The show was a crowd-pleaser in London, thanks partly to featuring several giant, fantastical puppets – including a furry Catbus that is part motor vehicle, part feline.

“My Neighbour Totoro is a story about kindness, courage and imagination and we will forever be grateful for the kindness, courage and imagination of the extraordinary people that came together to make this production,” Ms Griselda Yorke, executive producer at the RSC, said.

A revival of American playwright Tennessee Williams’ A Streetcar Named Desire won three awards at the event that celebrates the best shows in the capital and is named after famed British actor Laurence Olivier.

It won Best Revival, Best Actor for Paul Mescal for his role as Stanley Kowalski and Best Actress in a Supporting Role for Anjana Vasan, for her portrayal of Stella.

“I just have to thank Tennessee Williams. He gave us magic instead of realism and that’s what we all needed,” director Rebecca Frecknall, who in 2022 won Best Director for Cabaret, said.

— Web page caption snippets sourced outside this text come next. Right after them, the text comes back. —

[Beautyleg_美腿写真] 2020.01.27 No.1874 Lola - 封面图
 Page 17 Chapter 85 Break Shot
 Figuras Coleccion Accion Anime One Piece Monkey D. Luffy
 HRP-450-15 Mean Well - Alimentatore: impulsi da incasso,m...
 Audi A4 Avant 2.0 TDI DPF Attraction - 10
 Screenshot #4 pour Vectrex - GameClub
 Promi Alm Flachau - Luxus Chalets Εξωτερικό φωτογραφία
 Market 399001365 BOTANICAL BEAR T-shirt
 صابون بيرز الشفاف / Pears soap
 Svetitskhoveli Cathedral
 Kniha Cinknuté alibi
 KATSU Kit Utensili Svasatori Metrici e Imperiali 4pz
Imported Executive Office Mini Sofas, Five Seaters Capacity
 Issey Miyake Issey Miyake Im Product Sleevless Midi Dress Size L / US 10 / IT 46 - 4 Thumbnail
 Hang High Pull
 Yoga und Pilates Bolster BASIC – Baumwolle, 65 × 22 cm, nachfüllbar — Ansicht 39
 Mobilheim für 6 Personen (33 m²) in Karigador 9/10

Standing At The Sky’s Edge, about three families living for a period of over 60 years in a council housing estate in the English city of Sheffield, won Best New Musical and Best Original Score or New Orchestrations for musician Richard Hawley and composer Tom Deering.

Killing Eve (2018 to 2022) star Jodie Comer won Best Actress in one-woman play Prima Facie, in which she portrays a barrister who defends men accused of sexual assault before being assaulted herself.

The production was named Best New Play and Comer, who won rave reviews for her West End debut, reprises the role on Broadway in April.

“This play has changed my life so much,” the 30-year-old said in her acceptance speech.

A new production of Rodgers and Hammerstein’s Oklahoma! won Best Musical Revival and Best Actor in a Musical for Arthur Darvill. Katie Brayben won the Best Actress equivalent for musical Tammy Faye.

Other honourees included veteran actor and two-time Olivier winner Derek Jacobi, who was given a Lifetime Achievement Award.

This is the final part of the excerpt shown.